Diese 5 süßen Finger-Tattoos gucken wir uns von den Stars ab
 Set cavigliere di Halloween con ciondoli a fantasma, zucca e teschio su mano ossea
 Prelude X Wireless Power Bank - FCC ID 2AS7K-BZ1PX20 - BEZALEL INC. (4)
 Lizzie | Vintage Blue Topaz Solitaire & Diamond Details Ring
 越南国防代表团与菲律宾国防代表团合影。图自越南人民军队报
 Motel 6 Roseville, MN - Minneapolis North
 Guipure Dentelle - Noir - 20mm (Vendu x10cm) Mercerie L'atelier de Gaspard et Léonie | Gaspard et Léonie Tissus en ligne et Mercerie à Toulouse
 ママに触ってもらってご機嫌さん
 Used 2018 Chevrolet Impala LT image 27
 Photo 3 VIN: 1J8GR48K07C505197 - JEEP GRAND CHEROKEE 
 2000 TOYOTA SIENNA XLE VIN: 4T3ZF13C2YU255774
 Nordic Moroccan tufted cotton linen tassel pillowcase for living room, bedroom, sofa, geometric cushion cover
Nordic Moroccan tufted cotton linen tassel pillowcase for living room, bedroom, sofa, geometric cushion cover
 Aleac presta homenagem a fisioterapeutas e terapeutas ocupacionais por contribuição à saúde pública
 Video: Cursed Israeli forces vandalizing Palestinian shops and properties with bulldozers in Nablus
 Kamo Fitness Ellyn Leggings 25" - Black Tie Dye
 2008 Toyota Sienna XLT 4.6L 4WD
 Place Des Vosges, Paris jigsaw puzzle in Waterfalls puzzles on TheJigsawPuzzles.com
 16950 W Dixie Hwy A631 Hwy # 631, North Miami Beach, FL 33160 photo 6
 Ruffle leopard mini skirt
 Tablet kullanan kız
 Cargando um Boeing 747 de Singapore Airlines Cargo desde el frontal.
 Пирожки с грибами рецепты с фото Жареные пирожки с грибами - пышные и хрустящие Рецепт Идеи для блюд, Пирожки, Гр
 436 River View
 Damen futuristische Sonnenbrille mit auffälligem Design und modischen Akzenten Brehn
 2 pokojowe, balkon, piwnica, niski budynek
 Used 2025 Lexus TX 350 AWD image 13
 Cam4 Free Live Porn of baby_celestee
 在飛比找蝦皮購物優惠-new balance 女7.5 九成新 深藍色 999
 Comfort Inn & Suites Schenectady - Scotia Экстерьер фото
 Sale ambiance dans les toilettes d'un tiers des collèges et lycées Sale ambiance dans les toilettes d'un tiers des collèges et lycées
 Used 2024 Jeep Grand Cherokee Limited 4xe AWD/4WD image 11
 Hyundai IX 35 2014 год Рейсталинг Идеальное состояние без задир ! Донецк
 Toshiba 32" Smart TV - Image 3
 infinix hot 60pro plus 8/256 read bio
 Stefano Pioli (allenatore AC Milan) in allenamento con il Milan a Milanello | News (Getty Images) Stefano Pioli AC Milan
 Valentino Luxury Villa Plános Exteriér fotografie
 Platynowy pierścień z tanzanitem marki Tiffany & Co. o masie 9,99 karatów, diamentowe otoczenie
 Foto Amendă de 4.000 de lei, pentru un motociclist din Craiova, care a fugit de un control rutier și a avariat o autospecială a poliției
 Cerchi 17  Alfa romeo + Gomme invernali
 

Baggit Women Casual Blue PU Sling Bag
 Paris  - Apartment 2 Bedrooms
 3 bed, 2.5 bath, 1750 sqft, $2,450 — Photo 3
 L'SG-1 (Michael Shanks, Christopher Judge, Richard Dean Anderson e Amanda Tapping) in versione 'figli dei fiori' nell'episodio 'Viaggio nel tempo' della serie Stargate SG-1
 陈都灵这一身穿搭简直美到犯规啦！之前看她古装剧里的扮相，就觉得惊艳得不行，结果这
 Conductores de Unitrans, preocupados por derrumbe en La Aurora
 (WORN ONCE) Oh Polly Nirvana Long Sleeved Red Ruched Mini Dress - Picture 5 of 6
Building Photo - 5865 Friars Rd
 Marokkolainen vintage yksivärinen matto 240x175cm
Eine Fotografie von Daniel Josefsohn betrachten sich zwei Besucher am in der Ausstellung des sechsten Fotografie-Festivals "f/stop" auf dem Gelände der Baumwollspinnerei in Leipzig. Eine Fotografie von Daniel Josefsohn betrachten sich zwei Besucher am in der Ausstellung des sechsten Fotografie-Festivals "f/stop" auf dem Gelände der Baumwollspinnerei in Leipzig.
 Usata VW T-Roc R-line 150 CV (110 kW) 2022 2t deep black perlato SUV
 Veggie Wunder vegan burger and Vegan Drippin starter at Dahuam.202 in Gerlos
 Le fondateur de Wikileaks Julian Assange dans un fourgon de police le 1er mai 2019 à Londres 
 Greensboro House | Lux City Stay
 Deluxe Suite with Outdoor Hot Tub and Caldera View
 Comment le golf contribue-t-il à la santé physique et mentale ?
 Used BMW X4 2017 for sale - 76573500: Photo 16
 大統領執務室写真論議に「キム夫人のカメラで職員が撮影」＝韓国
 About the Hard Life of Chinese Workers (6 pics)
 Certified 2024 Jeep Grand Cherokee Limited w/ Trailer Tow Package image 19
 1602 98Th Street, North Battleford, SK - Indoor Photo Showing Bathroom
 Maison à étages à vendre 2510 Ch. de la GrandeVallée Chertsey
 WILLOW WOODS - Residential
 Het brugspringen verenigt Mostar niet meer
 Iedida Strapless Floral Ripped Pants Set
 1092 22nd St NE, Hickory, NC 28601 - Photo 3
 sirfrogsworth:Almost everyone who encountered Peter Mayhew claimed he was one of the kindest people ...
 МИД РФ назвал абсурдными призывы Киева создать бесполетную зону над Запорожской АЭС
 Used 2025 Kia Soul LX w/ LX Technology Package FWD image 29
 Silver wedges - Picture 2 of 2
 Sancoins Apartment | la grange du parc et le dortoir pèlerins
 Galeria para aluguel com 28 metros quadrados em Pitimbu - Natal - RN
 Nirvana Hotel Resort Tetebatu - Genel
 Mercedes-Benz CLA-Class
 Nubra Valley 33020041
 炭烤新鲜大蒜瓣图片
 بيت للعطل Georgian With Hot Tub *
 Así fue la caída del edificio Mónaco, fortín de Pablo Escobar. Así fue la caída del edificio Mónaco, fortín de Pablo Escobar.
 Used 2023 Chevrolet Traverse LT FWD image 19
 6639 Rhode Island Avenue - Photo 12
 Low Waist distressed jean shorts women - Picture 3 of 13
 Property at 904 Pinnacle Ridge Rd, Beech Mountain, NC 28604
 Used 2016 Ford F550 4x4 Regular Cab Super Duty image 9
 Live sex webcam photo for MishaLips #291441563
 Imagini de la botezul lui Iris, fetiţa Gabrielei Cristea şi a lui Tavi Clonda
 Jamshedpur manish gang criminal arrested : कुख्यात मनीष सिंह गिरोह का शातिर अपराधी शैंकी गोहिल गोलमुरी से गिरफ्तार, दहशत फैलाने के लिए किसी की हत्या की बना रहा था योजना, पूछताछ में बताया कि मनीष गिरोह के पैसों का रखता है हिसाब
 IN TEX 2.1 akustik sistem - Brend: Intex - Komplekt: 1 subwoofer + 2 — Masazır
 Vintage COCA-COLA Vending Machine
——
• [Problem description]
Copy out the lines above, from the one holding "IN TEX 2.1 akustik" through the final line, with no other lines.

• [Exercise response]
 IN TEX 2.1 akustik sistem - Brend: Intex - Komplekt: 1 subwoofer + 2 — Masazır
 Vintage COCA-COLA Vending Machine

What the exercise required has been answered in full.